The big man grunted softly.

“I think both of you have put the broken bits of the puzzle together before this,” he returned. “The motive was the chief thing; what I call the ‘nucleus thought,’ and we had that all ready-made. We knew that this ‘Big Nine,’ as Ford names it, was out after your scalp; and as soon as you told me about the tunnel and the Grafton Brothers’ contract the probable point of attack was no longer in doubt. You see, I happen to know that the Graftons have always been hand-in-glove with your principal competitor—had installed all the block signals for it, cutting a fine melon for themselves in the process, too.”

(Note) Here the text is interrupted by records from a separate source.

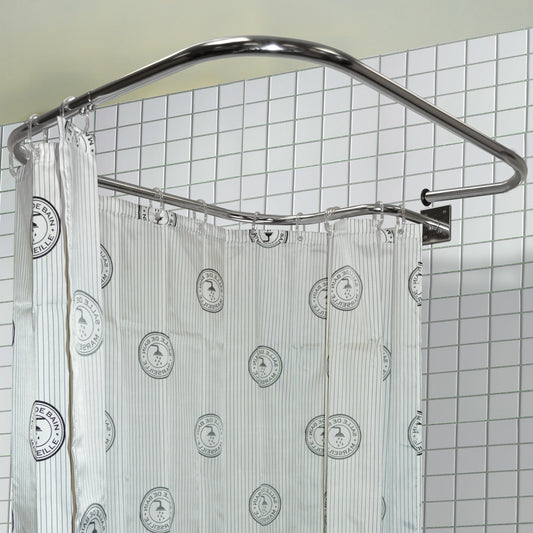 Stainless Steel Rectangular Shower Rail and Curtain Rings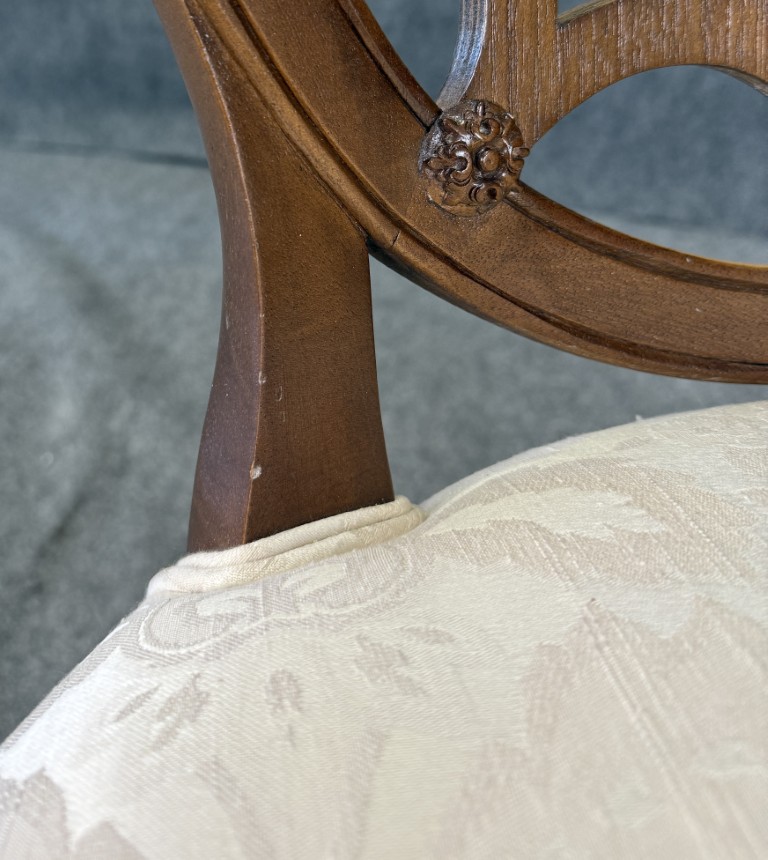 Vintage Andre Originals Hepplewhite Style Upholstered Arm Chair Vintage Andre Originals Hepplewhite Style Upholstered Arm Chair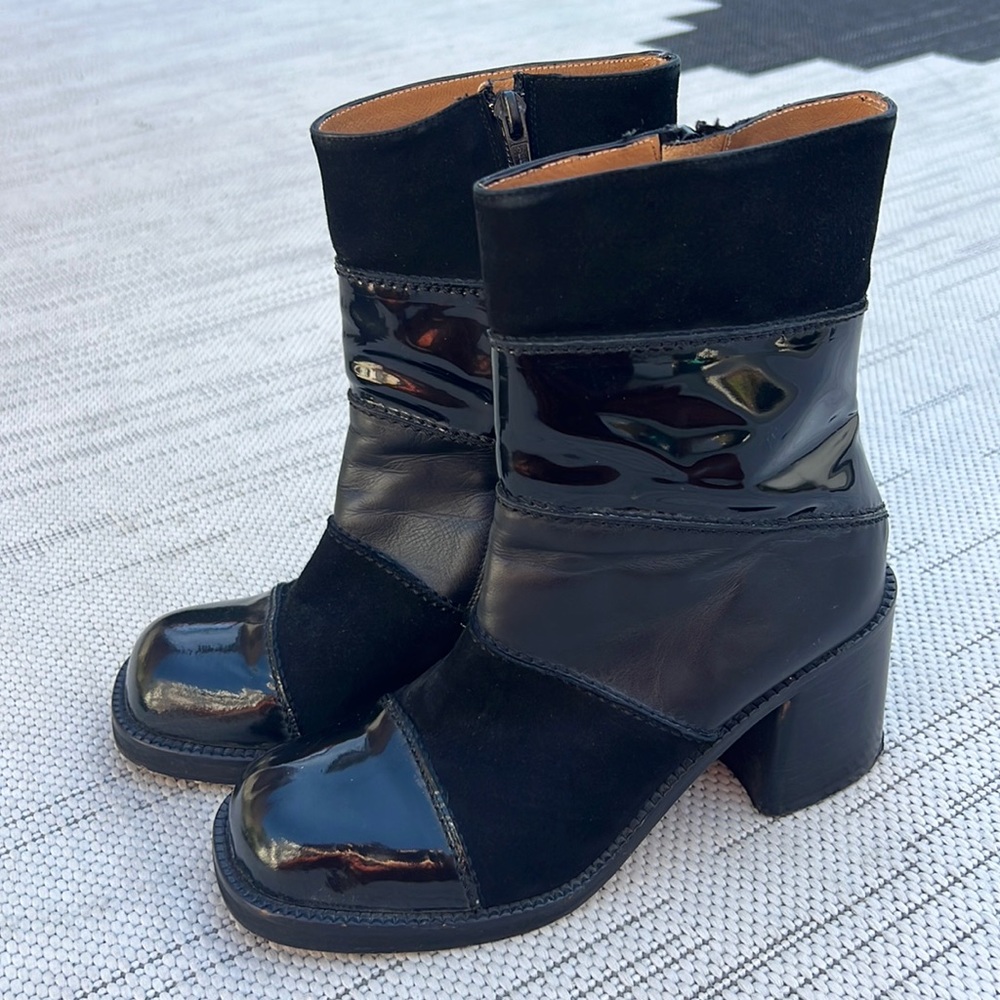 Vintage Kenneth Cole Leather Suede Chunky Heel Boots Square Toe Black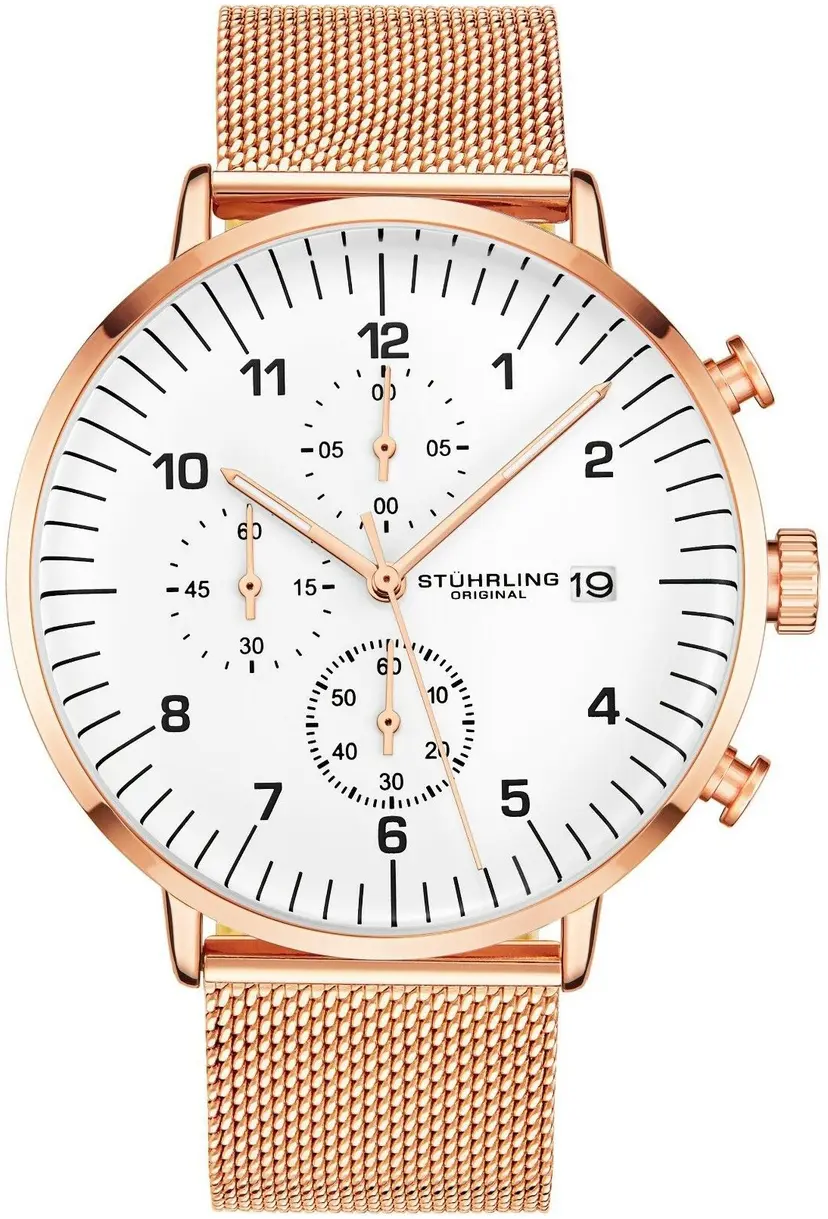 Stührling Original Stührling Original Herreklokke 3911.5 Monaco Hvit/Rose-gulltonet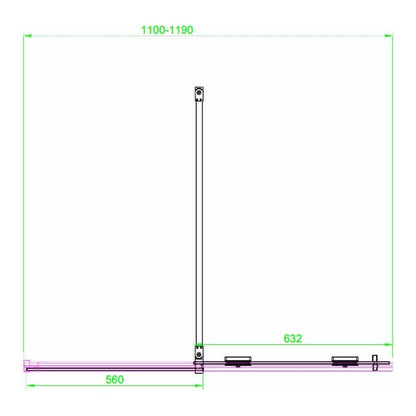 Fairford 8mm Frameless 1200mm Chrome Sliding Shower Door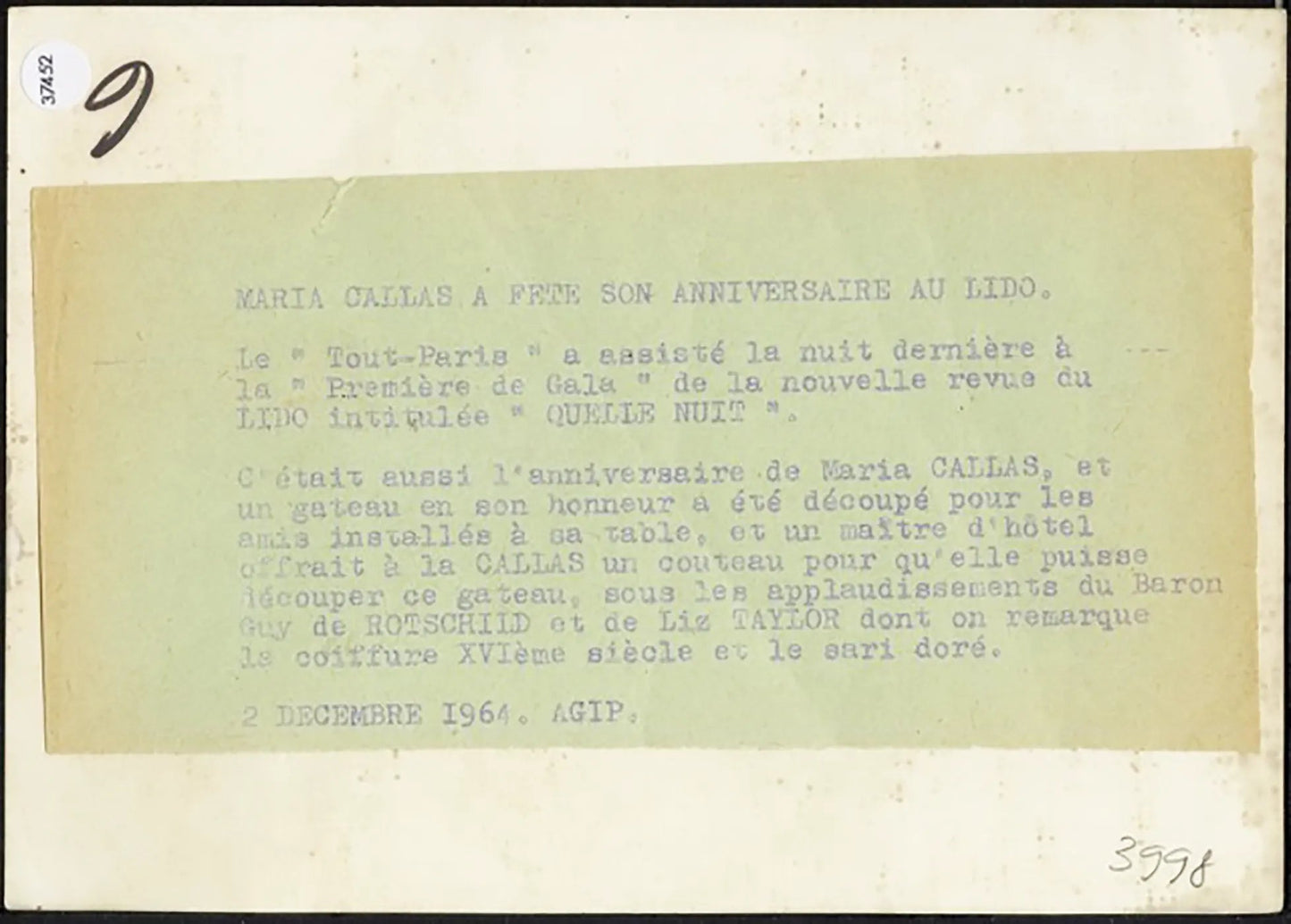 Compleanno di Maria Callas 1964 Ft 37452 - Stampa 18x13 cm - Farabola Stampa ai sali d'argento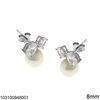 Silver 925  Earrings 10mm with Freshwater Pearl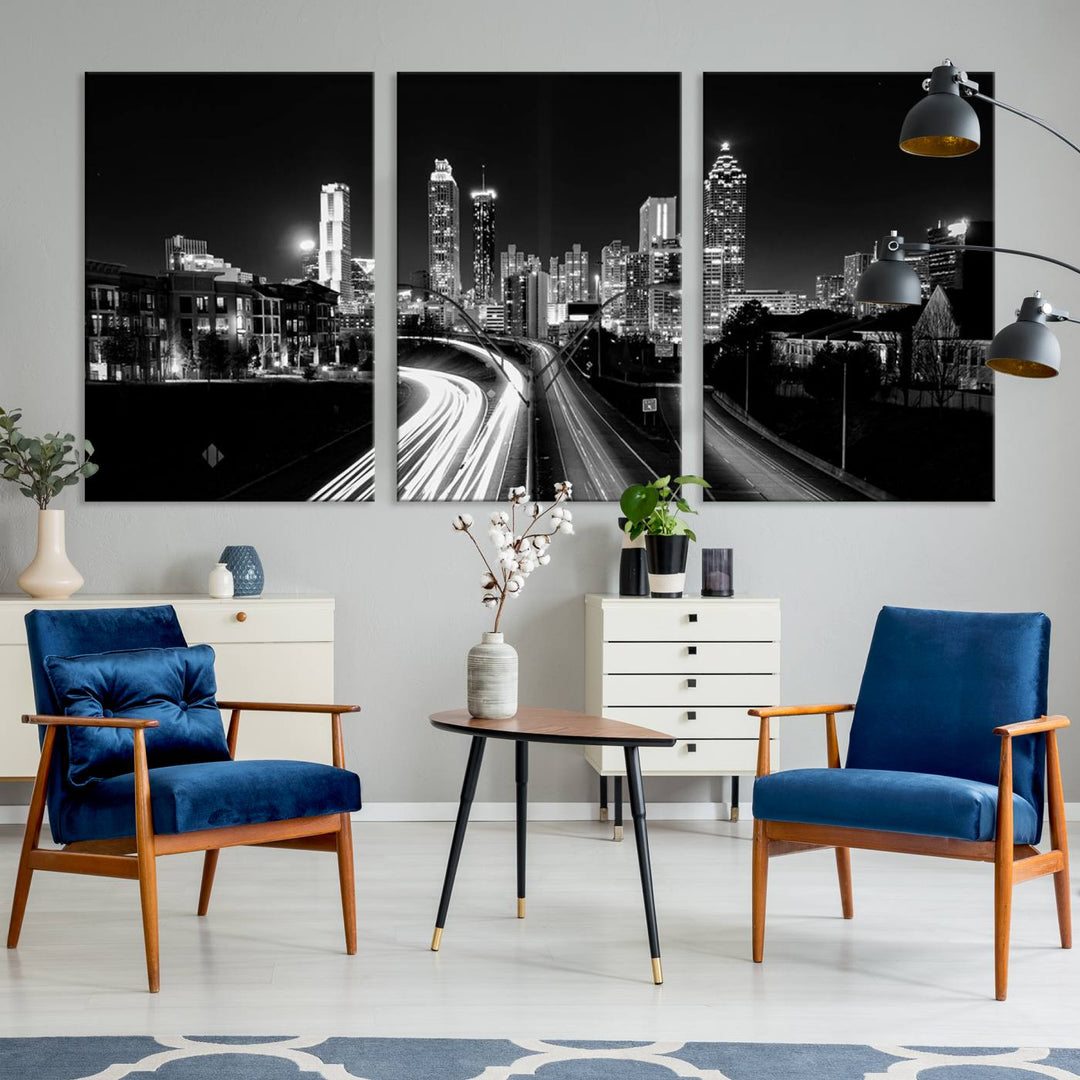 Atlanta City Lights Skyline Art mural noir et blanc Paysage urbain Impression sur toile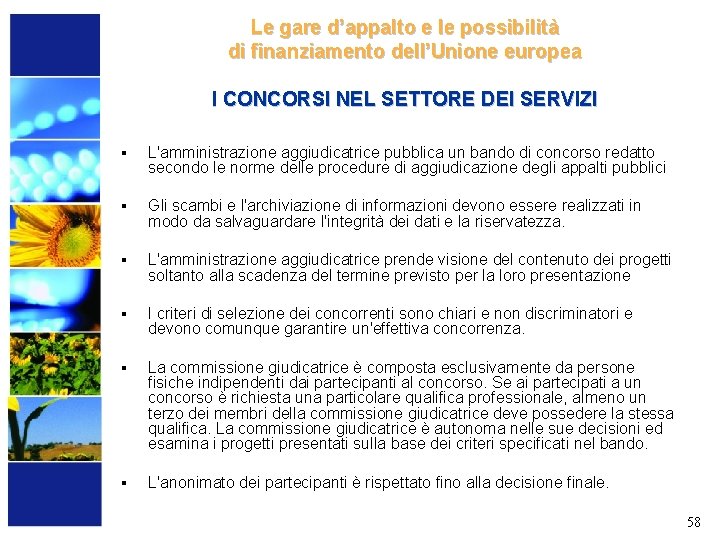 Le gare d’appalto e le possibilità di finanziamento dell’Unione europea I CONCORSI NEL SETTORE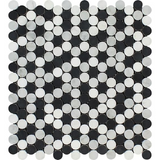 Thassos White Marble Honed Penny Round Mosaic Tile w/ Black Dots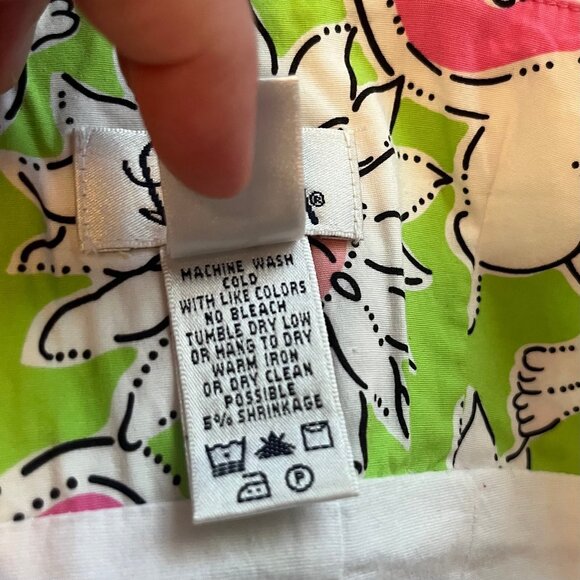 Vintage Lilly Pulitzer Size 8 Lounging White Lions Mini Dress - Pink Green White - Picture 8 of 8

“Still,” said Maxwell, “it’s a long way from that to this.”

“It was only taking one step after another, and Benson gave me three or four of them. The details of Stribling’s exceedingly simple plot became very plain after Benson had told us about the train-stopping, the empty dynamite boxes, the safety switch—which could have been just as easily and effectively placed at either end of the tunnel as in that hole in the middle of it—and finally about the pouring of the sirupy stuff into the oil-tank. There was a bit of fine work on Stribling’s part. Benson doubtless knows nitro-glycerine when he sees it; but under the circumstances he would be completely disarmed—as he was.”

“But how did you know that there would be a false cover on the tank?” queried Starbuck.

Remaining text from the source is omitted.